⟨
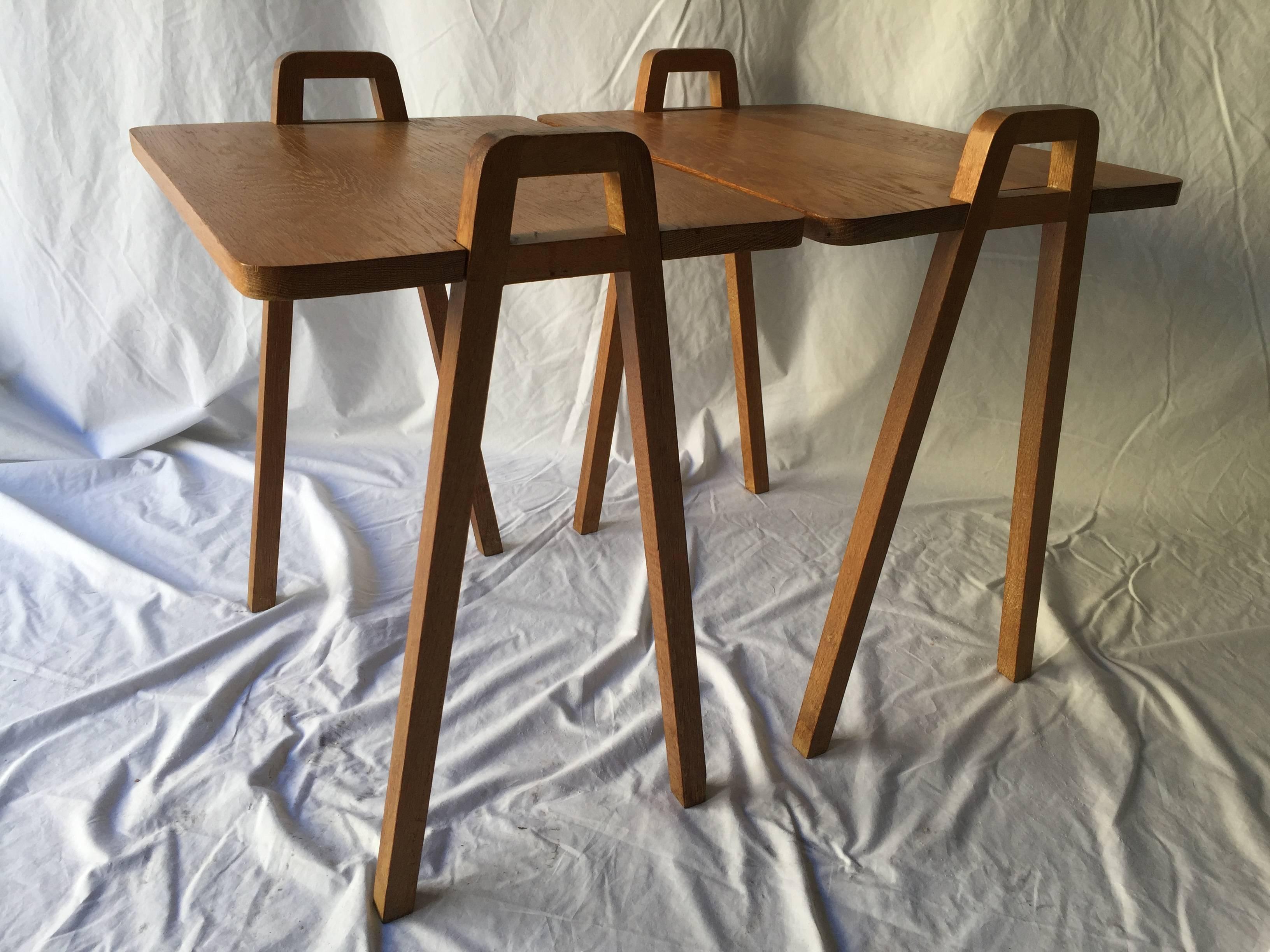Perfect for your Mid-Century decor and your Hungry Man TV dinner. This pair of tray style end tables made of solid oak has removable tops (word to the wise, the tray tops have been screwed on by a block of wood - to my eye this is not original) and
⟩
⟨
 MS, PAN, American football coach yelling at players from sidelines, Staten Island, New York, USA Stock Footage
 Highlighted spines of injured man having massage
⟩
Would you output, from the records above, exactly the run of lines that starts at the line containing "MS, PAN, American" and ends at the line containing "Highlighted spines of", and only that run?

 MS, PAN, American football coach yelling at players from sidelines, Staten Island, New York, USA Stock Footage
 Highlighted spines of injured man having massage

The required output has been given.